Pakistan’s objection to US backing for UN seat shows trust deficit: Rao

Sunday, November 21, 2010

NEW DELHI - India has voiced its disappointment over Pakistan’s critical remarks on the US support for New Delhi’s candidature for a permanent seat in the UN Security Council, saying it was a reflection of trust deficit between the two neighbours.

“Yes, I would say I am disappointed. And I think it is a reflection of the trust deficit between our two countries, Foreign Secretary Nirupama Rao told Karan Thapar in an interview for CNBC TV 18’s India Tonight programme to be broadcast Monday.

She was reacting to a question on Pakistan’s comments to US President Barack Obama’s support for India’s candidature for a seat in the UN Security Council.

“Frankly, I do not want to dignify it with a response.

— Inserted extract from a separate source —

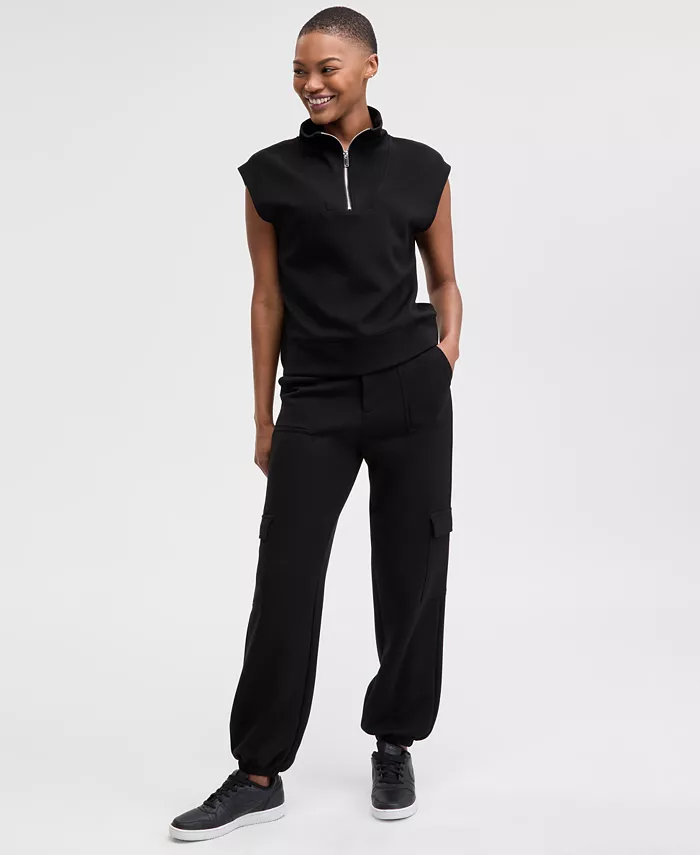 Женский стеганый жилет с воротником и молнией на четверть And Now This, черный
Женский стеганый жилет с воротником и молнией на четверть And Now This, черный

I think where India and Pakistan are concerned - and I believe Pakistan should understand our approach very well - we have reached out to Pakistan on a number of occasions in the recent past, Rao said, according to the pre-broadcast transcript of the interview.

“We have offered dialogue. We have expressed our readiness to discuss all outstanding issues. Frankly, as I said, I do not want to dignify this statement with a response. And I do not think we should be receiving lessons from Pakistan on morality, she said.

The Pakistan Foreign Office had said “endorsement of India’s bid” would add to the complexity of the Council’s reforms process and hoped that America would take a “moral view and not base itself on any temporary expediencies or exigencies of power politics.”

Seeking to dispel the impression among some quarters that Obama’s endorsement was not categorical in the manner the US had endorsed Japan for a UNSC seat, Rao also clarified that it was a political statement; it was a statement with symbolism; it was a statement with substance”.

“What the United States was conveying to the people of India and indeed to the world when President Obama spoke out in support of our candidature was that firstly the United States is prepared to contemplate a moderate expansion of the Security Council; and secondly that it sees a role for India, the participation, the inclusion of India in an expanded Security Council.

“There are always nuances in such statements, I do not deny that. But I think what we need to understand and agree on is that there is an underlying subtext and underlying meaning to what President Obama had to convey to our people when he spoke about our candidature, she said.

In a bid to downplay Obama’s remarks that increased power comes with increased responsibility and his reminder to India to take a firmer stand on human rights violations in Myanmar, Rao said he spoke with candour”.

“But I think between friends and partners we can afford that degree of candour and openness,” she said.

“When it comes to Myanmar, we have been very open ourselves in relaying to the US what it is that drives our relationship with that country today. We share a contiguous border with Myanmar. We have concerns of security.

“We would like to build connectivity because really Southeast Asia begins in north-east India. Therefore, obviously we would like inclusive political change in Myanmar,” Rao said.